Available data.
------

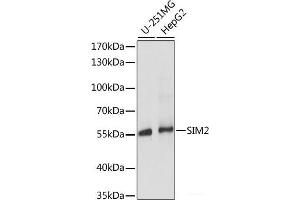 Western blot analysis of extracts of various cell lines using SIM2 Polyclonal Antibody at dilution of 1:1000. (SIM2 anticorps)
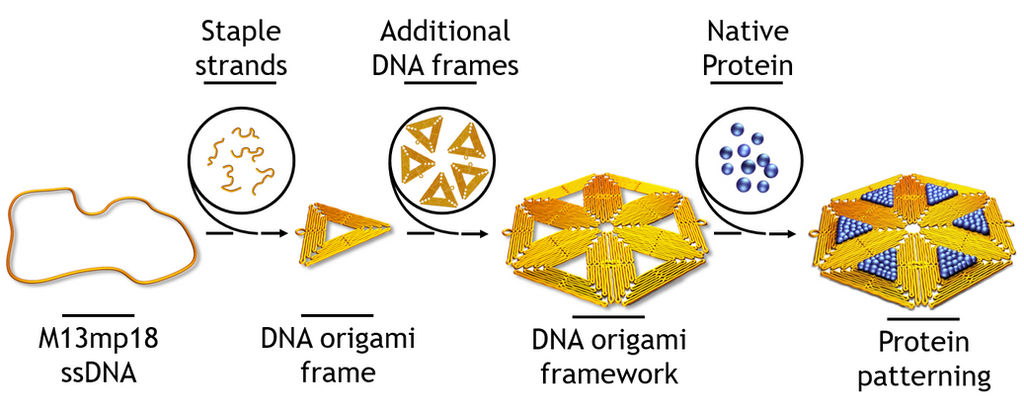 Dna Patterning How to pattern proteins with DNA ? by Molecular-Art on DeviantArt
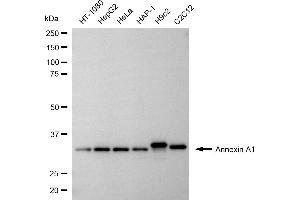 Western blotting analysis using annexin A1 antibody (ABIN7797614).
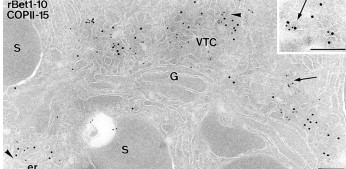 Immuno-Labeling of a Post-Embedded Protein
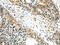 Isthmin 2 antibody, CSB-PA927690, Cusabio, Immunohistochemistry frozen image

------

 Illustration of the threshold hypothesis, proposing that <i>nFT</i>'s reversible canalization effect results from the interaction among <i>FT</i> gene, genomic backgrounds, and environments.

------

Task directions. Going by the data above, the answer is exactly the lines from the one holding "Western blot analysis" to the one holding "Isthmin 2 antibody, CSB-PA927690, Cusabio, Immunohistochemistry", both kept, with the pictures left out.

Solution to this exercise.
 Western blot analysis of extracts of various cell lines using SIM2 Polyclonal Antibody at dilution of 1:1000. (SIM2 anticorps)
 Dna Patterning How to pattern proteins with DNA ? by Molecular-Art on DeviantArt
 Western blotting analysis using annexin A1 antibody (ABIN7797614).
 Immuno-Labeling of a Post-Embedded Protein
 Isthmin 2 antibody, CSB-PA927690, Cusabio, Immunohistochemistry frozen image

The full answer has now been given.